The ACA’s “Play or Pay” Mandate
Under the ACA’s complex “play or pay” mandate, two types of penalties may be imposed on noncompliant employers. The Act’s anti-retaliation provisions are designed in part to protect employees whose actions may trigger such penalties for their employers.
As of January 1, 2015, employers with 100 or more full-time employees, including full-time equivalents, were required to offer compliant health insurance coverage to 70% (95% in 2016) of their full-time employees (and dependents) in order to avoid a “no-coverage penalty.” If an employer fails to do so and any full-time employee purchases health insurance on an exchange and receives a subsidy or tax credit, the IRS may assess a penalty of $2,000 per year per full-time employee. To calculate the penalty, the first 30 full-time employees are not included. (For 2015, the first 80 full-time employees are not included in this calculation.)
Further, if an employer offers coverage to enough full-time employees but the coverage is unaffordable or does not provide minimum value, a penalty may be imposed of $3,000 per year for each full-time employee who receives a tax credit or subsidy for coverage purchased through an exchange.
As of 2016, the Act’s “play or pay” mandate will also apply to employers with at least 50, but less than 100, full-time employees, including full-time equivalents.
Section 218c Retaliation Claims
One source of ACA whistleblower protection is Section 218c of the FLSA, as added by the ACA. Section 218c prohibits employers from retaliating against employees who receive a tax credit or subsidy for purchasing health insurance through an exchange. According to the Department of Labor, because an employee’s receipt of subsidized coverage may trigger tax penalties for his employer, this could create an incentive for employer retaliation. Therefore, Section 218c is designed to protect whistleblowing employees from such retaliation.

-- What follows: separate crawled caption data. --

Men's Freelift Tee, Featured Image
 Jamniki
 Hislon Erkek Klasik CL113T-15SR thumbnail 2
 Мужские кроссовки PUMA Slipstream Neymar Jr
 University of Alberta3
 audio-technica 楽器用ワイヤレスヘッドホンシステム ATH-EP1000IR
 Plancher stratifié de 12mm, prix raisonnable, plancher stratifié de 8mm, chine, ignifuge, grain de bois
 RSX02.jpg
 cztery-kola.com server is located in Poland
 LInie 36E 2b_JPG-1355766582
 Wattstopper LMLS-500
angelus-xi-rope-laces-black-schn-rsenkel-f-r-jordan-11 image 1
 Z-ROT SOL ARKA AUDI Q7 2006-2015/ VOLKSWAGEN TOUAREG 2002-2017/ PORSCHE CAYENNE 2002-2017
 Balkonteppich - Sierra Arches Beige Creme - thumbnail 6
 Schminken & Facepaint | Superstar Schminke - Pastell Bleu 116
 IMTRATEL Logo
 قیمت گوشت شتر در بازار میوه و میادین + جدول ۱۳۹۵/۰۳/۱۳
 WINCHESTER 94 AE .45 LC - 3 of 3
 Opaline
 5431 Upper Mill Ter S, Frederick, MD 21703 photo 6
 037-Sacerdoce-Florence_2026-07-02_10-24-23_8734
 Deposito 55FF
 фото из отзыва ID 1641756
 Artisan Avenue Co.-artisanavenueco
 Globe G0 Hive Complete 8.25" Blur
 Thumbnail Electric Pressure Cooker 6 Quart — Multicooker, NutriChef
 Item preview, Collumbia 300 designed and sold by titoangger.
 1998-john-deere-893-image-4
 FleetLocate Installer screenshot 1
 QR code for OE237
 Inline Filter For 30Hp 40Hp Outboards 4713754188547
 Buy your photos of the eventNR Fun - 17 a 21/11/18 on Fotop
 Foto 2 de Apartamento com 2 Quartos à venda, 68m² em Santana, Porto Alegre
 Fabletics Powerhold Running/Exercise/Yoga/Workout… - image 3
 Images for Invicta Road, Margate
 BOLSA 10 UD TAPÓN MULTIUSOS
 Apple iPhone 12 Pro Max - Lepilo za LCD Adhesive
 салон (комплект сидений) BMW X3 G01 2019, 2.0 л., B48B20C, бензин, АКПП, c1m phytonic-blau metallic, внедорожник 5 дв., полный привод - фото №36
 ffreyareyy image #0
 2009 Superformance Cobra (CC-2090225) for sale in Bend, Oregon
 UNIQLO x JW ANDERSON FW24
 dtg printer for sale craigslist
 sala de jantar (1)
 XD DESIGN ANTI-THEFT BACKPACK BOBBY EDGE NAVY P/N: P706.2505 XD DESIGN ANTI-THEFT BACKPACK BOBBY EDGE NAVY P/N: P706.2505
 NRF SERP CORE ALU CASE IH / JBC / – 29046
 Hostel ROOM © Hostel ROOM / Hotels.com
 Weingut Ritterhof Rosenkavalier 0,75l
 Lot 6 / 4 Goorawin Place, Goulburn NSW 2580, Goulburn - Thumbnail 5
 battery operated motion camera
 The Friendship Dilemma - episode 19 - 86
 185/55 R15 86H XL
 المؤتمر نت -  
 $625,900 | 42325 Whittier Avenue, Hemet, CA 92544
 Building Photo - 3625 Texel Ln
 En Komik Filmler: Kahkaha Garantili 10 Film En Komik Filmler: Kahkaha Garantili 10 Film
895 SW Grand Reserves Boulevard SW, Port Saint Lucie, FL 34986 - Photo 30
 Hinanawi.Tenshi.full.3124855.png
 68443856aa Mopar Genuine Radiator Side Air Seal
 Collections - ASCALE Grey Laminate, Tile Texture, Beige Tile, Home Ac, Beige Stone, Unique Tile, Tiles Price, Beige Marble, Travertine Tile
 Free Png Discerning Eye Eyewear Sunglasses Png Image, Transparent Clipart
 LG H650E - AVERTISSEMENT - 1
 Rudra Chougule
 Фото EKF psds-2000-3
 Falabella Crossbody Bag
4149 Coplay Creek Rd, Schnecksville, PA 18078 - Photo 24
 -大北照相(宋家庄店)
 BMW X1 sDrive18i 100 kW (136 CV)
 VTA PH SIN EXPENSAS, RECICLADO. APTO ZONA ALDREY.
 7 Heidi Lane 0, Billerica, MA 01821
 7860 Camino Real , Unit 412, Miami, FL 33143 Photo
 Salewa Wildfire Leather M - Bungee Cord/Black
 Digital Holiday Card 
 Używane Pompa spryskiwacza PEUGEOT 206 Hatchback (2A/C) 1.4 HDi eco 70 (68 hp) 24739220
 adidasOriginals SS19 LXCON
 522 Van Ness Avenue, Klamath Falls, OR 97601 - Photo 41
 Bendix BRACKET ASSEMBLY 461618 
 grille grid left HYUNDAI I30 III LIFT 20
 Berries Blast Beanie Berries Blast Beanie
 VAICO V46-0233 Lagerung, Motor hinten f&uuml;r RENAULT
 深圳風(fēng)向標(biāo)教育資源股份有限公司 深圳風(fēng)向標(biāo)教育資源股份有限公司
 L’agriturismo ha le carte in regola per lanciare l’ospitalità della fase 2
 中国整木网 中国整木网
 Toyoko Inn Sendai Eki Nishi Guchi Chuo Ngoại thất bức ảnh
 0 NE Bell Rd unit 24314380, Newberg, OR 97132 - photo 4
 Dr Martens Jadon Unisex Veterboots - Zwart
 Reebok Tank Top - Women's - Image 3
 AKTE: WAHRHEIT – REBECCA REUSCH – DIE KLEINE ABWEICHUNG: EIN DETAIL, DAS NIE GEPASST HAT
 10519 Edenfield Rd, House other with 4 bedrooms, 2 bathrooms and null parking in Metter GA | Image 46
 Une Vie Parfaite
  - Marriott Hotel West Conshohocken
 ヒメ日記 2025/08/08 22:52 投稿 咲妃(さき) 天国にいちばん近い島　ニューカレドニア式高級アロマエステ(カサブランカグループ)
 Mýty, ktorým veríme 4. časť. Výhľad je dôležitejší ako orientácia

Section 218c’s broad provisions include protections for whistleblowing employees who report (or are about to report) violations of title I of the ACA to their employers or the federal government. (Title I includes various insurance reforms such as the prohibition on lifetime limits for coverage, the requirement that most plans must cover preventive services with no cost sharing, and protections allowing individuals with pre-existing conditions to obtain coverage.) Significantly, even if there was no actual ACA violation, the employee may still be protected under Section 218c if he has a reasonable, though mistaken, belief that there was a violation.
Similar to other anti-retaliation provisions, Section 218c also prohibits retaliation against employees who testify (or are about to testify) or participate (or are about to participate) in a proceeding concerning such violation. Further, Section 218c covers employees who object to or refuse to participate in any activity, policy, or practice the employee reasonably believes violates title I of the ACA.
According to guidance issued by the Department of Labor on February 27, 2013, prohibited types of retaliation include termination, intimidation, threats, blacklisting, and discipline with respect to the employee’s compensation, terms, conditions, or privileges of employment. In addition to current employees, the law also prohibits retaliation against former employees and applicants for employment.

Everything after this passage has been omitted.